Qwen2-Audio
Qwen2-Audio is a SOTA small-scale multimodal model that handles audio and text inputs, allowing you to have voice interactions without ASR modules. Qwen2-Audio supports English, Chinese, and major European languages,and also provides robust audio analysis for local use cases like:
- Speaker identification and response
- Speech translation and transcription
- Mixed audio and noise detection
- Music and sound analysis
We're bringing Qwen2-Audio to edge devices with Nexa SDK, offering various quantization options.
- Voice Chat: Users can freely engage in voice interactions with Qwen2-Audio without text input.

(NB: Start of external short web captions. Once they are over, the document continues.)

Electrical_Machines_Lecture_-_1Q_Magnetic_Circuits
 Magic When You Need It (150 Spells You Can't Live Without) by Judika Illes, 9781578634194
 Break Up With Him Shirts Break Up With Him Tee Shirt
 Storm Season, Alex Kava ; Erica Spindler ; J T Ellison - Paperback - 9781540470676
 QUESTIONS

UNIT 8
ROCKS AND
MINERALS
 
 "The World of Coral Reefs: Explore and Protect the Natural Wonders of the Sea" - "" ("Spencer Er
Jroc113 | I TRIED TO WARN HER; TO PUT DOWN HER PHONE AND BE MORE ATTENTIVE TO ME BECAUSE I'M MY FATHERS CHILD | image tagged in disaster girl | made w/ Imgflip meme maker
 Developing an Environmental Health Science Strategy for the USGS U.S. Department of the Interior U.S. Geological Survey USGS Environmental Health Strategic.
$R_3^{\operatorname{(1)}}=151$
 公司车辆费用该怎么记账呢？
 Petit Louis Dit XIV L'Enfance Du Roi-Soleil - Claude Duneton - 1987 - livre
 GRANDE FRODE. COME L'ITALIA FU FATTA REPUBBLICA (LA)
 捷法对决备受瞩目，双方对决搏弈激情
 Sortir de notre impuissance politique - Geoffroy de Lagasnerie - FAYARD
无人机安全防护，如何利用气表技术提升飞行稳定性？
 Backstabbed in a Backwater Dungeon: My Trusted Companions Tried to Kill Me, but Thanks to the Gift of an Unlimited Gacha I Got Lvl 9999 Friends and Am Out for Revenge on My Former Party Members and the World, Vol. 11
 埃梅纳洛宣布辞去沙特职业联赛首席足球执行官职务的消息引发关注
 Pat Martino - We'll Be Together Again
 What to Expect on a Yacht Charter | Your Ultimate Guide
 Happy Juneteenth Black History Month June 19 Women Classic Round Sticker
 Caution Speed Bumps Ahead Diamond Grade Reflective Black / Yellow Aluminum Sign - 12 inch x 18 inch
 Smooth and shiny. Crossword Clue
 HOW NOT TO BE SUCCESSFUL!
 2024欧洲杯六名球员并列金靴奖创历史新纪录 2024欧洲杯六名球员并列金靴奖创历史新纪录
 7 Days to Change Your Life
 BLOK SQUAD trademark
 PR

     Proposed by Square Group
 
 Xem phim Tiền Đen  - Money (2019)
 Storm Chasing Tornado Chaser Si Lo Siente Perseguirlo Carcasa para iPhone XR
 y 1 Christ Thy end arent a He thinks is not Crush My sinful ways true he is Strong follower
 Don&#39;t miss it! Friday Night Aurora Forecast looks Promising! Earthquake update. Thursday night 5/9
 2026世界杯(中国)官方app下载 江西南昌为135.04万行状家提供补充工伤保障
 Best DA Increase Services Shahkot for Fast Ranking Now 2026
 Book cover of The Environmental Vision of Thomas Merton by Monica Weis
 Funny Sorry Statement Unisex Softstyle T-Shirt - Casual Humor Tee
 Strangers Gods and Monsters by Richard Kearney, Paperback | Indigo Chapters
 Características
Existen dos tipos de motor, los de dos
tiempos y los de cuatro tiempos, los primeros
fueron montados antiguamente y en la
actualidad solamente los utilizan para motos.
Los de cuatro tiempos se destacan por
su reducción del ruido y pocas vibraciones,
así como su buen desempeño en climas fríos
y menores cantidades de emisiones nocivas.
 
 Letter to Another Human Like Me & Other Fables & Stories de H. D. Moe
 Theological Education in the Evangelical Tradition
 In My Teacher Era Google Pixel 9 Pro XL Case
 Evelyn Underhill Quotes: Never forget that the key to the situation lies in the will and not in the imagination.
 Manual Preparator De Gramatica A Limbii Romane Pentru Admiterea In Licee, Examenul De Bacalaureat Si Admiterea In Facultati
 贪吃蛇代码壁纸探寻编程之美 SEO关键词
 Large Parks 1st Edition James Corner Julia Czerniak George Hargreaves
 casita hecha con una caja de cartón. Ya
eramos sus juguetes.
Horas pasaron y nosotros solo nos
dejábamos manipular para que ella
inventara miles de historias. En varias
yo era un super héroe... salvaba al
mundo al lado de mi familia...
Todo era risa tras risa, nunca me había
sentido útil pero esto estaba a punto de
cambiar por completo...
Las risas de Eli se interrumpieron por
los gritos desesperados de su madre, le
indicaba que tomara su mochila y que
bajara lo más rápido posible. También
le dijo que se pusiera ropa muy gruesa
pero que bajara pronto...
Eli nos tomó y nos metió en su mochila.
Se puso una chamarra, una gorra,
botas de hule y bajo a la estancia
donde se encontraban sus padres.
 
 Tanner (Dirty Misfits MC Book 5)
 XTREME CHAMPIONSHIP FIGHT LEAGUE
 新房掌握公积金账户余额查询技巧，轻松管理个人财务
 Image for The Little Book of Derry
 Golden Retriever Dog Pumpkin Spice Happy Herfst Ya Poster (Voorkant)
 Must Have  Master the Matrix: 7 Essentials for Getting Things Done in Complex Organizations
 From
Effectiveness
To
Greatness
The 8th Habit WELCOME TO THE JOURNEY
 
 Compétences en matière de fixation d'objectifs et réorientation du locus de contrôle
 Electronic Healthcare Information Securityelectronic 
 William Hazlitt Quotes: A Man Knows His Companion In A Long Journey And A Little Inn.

- Audio Analysis: Users can provide both audio and text instructions for analysis during the interaction.
Demo
How to Run Locally On-Device
In the following, we demonstrate how to run Qwen2-Audio locally on your device.
Step 1: Install Nexa-SDK (local on-device inference framework)
Nexa-SDK is a open-sourced, local on-device inference framework, supporting text generation, image generation, vision-language models (VLM), audio-language models, speech-to-text (ASR), and text-to-speech (TTS) capabilities. Installable via Python Package or Executable Installer.
Step 2: Then run the following code in your terminal to run with local streamlit UI
nexa run qwen2audio -st
or to use in terminal:
nexa run qwen2audio
Usage Instructions
For terminal:
- Drag and drop your audio file into the terminal (or enter file path on Linux)
- Add text prompt to guide analysis or leave empty for direct voice input
System Requirements
💻 RAM Requirements:
- Default q4_K_M version requires 4.2GB of RAM
- Check the RAM requirements table for different quantization versions
🎵 Audio Format:
- Optimal: 16kHz
.wav
format - Other formats and sample rates are supported with automatic conversion
Use Cases
Voice Chat
- Answer daily questions
- Offer suggestions
- Speaker identification and response
- Speech translation
- Detecting background noise and responding accordingly
Audio Analysis
- Information Extraction
- Audio summary
- Speech Transcription and Expansion
- Mixed audio and noise detection
- Music and sound analysis
Performance Benchmark
Results demonstrate that Qwen2-Audio significantly outperforms either previous SOTAs or Qwen-Audio across all tasks.